[[ RECORDS FOR THE EXERCISE open ]]

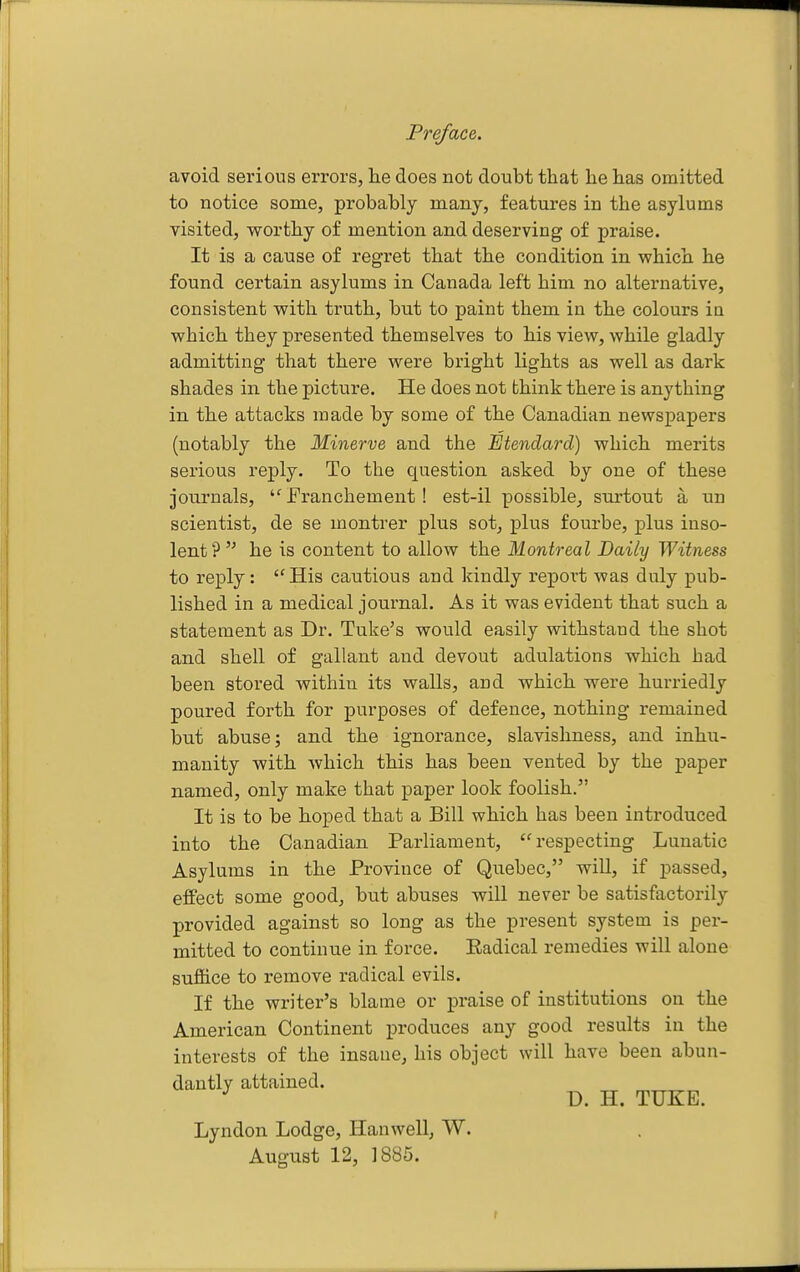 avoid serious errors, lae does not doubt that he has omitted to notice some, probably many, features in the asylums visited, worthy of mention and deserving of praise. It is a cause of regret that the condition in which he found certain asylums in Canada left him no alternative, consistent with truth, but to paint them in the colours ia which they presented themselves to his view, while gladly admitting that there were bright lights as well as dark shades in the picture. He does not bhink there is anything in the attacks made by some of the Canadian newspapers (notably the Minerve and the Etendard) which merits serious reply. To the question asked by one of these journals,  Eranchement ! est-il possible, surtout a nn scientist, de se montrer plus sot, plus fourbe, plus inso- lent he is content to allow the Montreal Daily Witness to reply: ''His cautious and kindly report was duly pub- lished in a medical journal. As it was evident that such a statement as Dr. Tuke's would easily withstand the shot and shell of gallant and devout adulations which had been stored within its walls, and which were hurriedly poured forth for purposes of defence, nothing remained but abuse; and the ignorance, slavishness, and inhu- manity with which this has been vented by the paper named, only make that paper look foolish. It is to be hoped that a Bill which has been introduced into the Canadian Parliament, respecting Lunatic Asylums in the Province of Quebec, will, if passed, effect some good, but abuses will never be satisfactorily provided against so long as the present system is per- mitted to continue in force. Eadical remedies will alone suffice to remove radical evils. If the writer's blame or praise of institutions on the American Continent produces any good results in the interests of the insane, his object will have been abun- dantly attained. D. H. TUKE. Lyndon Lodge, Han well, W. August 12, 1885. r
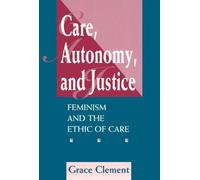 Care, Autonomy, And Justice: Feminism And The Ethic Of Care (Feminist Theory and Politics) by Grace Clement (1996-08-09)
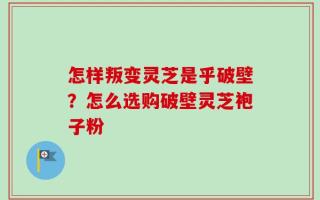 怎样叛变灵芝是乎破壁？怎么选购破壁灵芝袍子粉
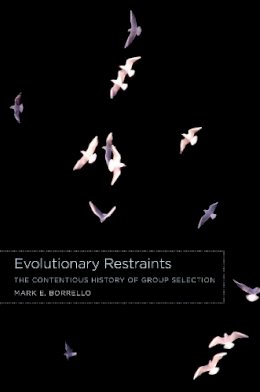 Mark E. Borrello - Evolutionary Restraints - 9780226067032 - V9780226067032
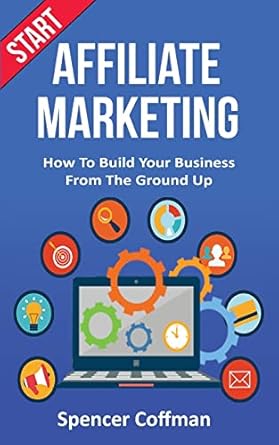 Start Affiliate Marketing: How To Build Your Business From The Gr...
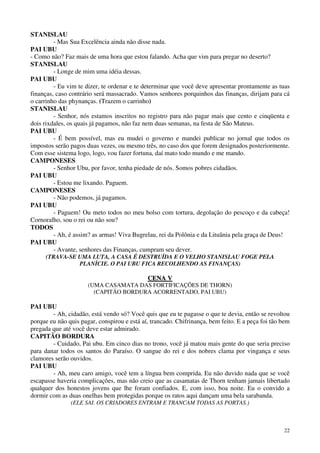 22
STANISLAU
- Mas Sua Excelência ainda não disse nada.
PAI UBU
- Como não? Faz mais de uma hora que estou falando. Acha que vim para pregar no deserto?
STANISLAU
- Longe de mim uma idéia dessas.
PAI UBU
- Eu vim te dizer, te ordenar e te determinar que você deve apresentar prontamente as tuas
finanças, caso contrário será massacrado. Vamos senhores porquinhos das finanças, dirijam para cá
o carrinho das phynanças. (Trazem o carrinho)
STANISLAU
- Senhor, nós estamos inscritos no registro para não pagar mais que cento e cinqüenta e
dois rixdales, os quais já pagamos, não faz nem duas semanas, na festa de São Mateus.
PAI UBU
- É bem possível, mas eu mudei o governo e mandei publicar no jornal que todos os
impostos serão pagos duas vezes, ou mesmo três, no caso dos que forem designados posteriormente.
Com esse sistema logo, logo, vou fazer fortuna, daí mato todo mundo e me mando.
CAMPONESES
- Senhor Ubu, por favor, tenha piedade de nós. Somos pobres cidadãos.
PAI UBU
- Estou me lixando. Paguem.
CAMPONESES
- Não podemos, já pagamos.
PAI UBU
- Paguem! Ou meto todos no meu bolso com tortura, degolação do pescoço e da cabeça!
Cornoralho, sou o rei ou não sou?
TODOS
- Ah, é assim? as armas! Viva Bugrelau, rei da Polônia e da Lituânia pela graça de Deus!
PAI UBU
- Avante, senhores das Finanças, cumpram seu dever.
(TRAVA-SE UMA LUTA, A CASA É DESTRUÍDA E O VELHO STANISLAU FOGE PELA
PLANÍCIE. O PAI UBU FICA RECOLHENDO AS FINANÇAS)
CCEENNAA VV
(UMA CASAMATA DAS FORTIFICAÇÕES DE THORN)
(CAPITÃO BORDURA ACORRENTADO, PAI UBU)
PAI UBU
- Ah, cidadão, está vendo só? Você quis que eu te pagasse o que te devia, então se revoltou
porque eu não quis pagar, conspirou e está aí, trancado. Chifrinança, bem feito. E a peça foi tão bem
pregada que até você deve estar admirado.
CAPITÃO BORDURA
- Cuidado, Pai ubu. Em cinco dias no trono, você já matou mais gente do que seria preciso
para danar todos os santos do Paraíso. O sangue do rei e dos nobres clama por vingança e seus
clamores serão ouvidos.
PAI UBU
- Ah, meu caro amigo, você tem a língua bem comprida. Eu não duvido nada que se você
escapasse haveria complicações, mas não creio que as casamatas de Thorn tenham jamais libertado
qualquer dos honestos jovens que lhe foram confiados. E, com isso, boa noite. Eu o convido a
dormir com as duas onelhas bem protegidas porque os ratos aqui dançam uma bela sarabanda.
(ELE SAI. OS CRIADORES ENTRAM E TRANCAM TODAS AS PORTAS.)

[[ RECORDS FOR THE EXERCISE closed ]]

TASK →
All the records need to be printed again exactly as written, though without their pictures.

TASK ANSWER →
 avoid serious errors, lae does not doubt that he has omitted to notice some, probably many, features in the asylums visited, worthy of mention and deserving of praise. It is a cause of regret that the condition in which he found certain asylums in Canada left him no alternative, consistent with truth, but to paint them in the colours ia which they presented themselves to his view, while gladly admitting that there were bright lights as well as dark shades in the picture. He does not bhink there is anything in the attacks made by some of the Canadian newspapers (notably the Minerve and the Etendard) which merits serious reply. To the question asked by one of these journals,  Eranchement ! est-il possible, surtout a nn scientist, de se montrer plus sot, plus fourbe, plus inso- lent he is content to allow the Montreal Daily Witness to reply: ''His cautious and kindly report was duly pub- lished in a medical journal. As it was evident that such a statement as Dr. Tuke's would easily withstand the shot and shell of gallant and devout adulations which had been stored within its walls, and which were hurriedly poured forth for purposes of defence, nothing remained but abuse; and the ignorance, slavishness, and inhu- manity with which this has been vented by the paper named, only make that paper look foolish. It is to be hoped that a Bill which has been introduced into the Canadian Parliament, respecting Lunatic Asylums in the Province of Quebec, will, if passed, effect some good, but abuses will never be satisfactorily provided against so long as the present system is per- mitted to continue in force. Eadical remedies will alone suffice to remove radical evils. If the writer's blame or praise of institutions on the American Continent produces any good results in the interests of the insane, his object will have been abun- dantly attained. D. H. TUKE. Lyndon Lodge, Han well, W. August 12, 1885. r
 Care, Autonomy, And Justice: Feminism And The Ethic Of Care (Feminist Theory and Politics) by Grace Clement (1996-08-09)
 怎样叛变灵芝是乎破壁？怎么选购破壁灵芝袍子粉
 Mark E. Borrello - Evolutionary Restraints - 9780226067032 - V9780226067032
 Start Affiliate Marketing: How To Build Your Business From The Gr...
 22
STANISLAU
- Mas Sua Excelência ainda não disse nada.
PAI UBU
- Como não? Faz mais de uma hora que estou falando. Acha que vim para pregar no deserto?
STANISLAU
- Longe de mim uma idéia dessas.
PAI UBU
- Eu vim te dizer, te ordenar e te determinar que você deve apresentar prontamente as tuas
finanças, caso contrário será massacrado. Vamos senhores porquinhos das finanças, dirijam para cá
o carrinho das phynanças. (Trazem o carrinho)
STANISLAU
- Senhor, nós estamos inscritos no registro para não pagar mais que cento e cinqüenta e
dois rixdales, os quais já pagamos, não faz nem duas semanas, na festa de São Mateus.
PAI UBU
- É bem possível, mas eu mudei o governo e mandei publicar no jornal que todos os
impostos serão pagos duas vezes, ou mesmo três, no caso dos que forem designados posteriormente.
Com esse sistema logo, logo, vou fazer fortuna, daí mato todo mundo e me mando.
CAMPONESES
- Senhor Ubu, por favor, tenha piedade de nós. Somos pobres cidadãos.
PAI UBU
- Estou me lixando. Paguem.
CAMPONESES
- Não podemos, já pagamos.
PAI UBU
- Paguem! Ou meto todos no meu bolso com tortura, degolação do pescoço e da cabeça!
Cornoralho, sou o rei ou não sou?
TODOS
- Ah, é assim? as armas! Viva Bugrelau, rei da Polônia e da Lituânia pela graça de Deus!
PAI UBU
- Avante, senhores das Finanças, cumpram seu dever.
(TRAVA-SE UMA LUTA, A CASA É DESTRUÍDA E O VELHO STANISLAU FOGE PELA
PLANÍCIE. O PAI UBU FICA RECOLHENDO AS FINANÇAS)
CCEENNAA VV
(UMA CASAMATA DAS FORTIFICAÇÕES DE THORN)
(CAPITÃO BORDURA ACORRENTADO, PAI UBU)
PAI UBU
- Ah, cidadão, está vendo só? Você quis que eu te pagasse o que te devia, então se revoltou
porque eu não quis pagar, conspirou e está aí, trancado. Chifrinança, bem feito. E a peça foi tão bem
pregada que até você deve estar admirado.
CAPITÃO BORDURA
- Cuidado, Pai ubu. Em cinco dias no trono, você já matou mais gente do que seria preciso
para danar todos os santos do Paraíso. O sangue do rei e dos nobres clama por vingança e seus
clamores serão ouvidos.
PAI UBU
- Ah, meu caro amigo, você tem a língua bem comprida. Eu não duvido nada que se você
escapasse haveria complicações, mas não creio que as casamatas de Thorn tenham jamais libertado
qualquer dos honestos jovens que lhe foram confiados. E, com isso, boa noite. Eu o convido a
dormir com as duas onelhas bem protegidas porque os ratos aqui dançam uma bela sarabanda.
(ELE SAI. OS CRIADORES ENTRAM E TRANCAM TODAS AS PORTAS.)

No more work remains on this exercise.